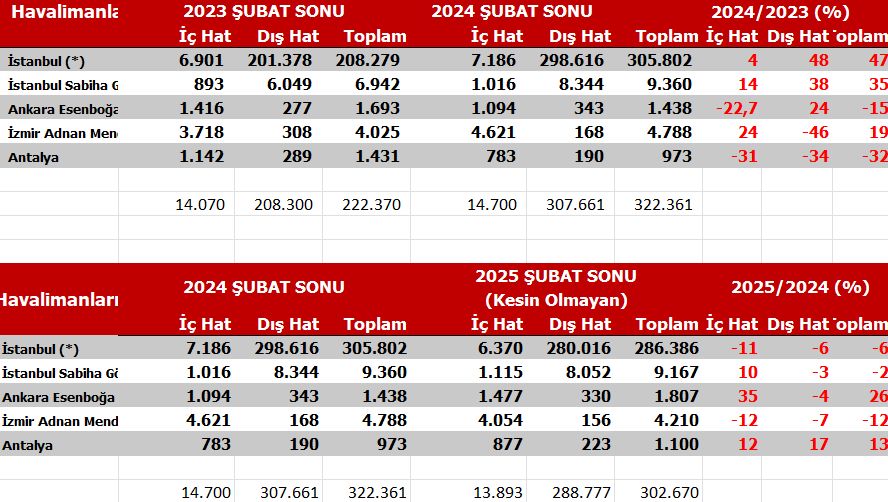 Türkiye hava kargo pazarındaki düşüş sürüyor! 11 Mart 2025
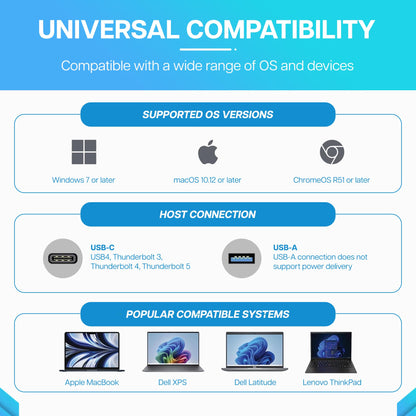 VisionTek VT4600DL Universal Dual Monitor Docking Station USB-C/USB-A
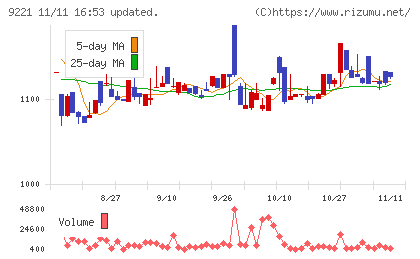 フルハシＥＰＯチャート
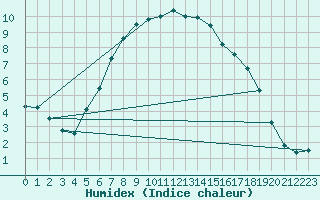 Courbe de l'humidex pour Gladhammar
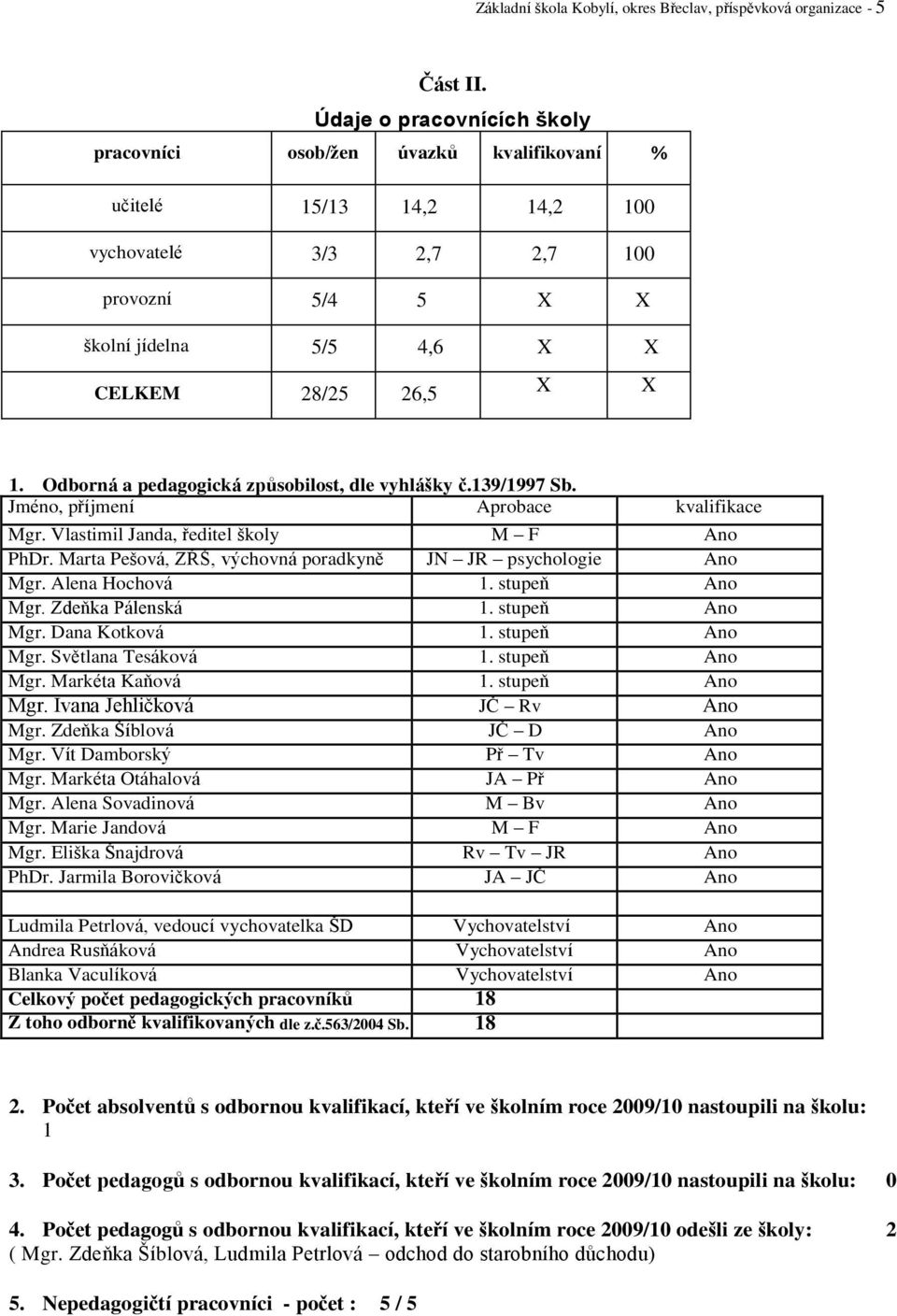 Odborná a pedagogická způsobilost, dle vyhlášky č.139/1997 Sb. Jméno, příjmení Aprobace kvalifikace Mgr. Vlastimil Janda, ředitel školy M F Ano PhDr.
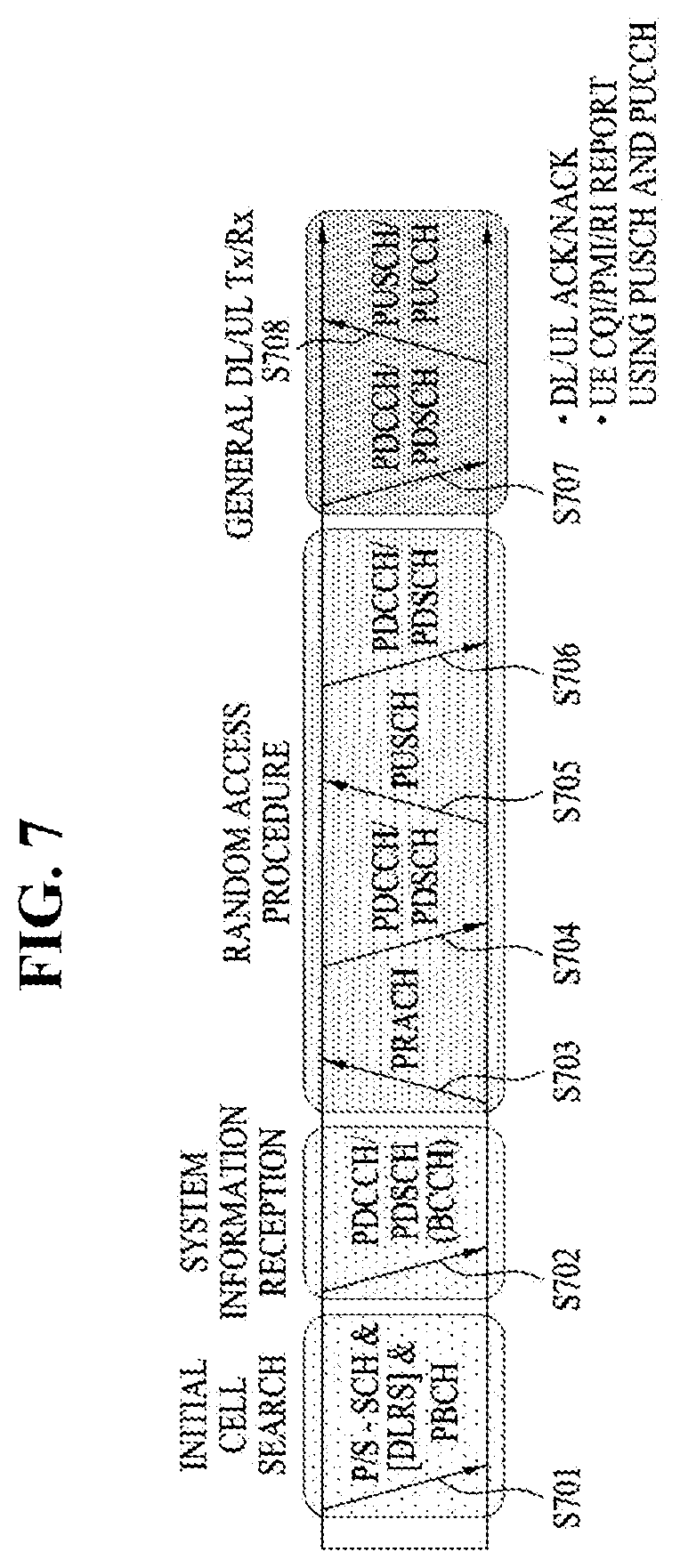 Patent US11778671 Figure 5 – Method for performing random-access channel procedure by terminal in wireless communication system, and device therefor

----

* Assignment *
Pictures do not belong in the copy. Reproduce the rest of the data exactly.

* Exercise answer *
 Türkiye hava kargo pazarındaki düşüş sürüyor! 11 Mart 2025
 VisionTek VT4600DL Universal Dual Monitor Docking Station USB-C/USB-A
 フルハシＥＰＯチャート
 Courbe de l'humidex pour Gladhammar
 Odborná a pedagogická způsobilost, dle vyhlášky č.139/1997 Sb. Jméno, příjmení Aprobace kvalifikace Mgr. Vlastimil Janda, ředitel školy M F Ano PhDr.
 Patent US11778671 Figure 5 – Method for performing random-access channel procedure by terminal in wireless communication system, and device therefor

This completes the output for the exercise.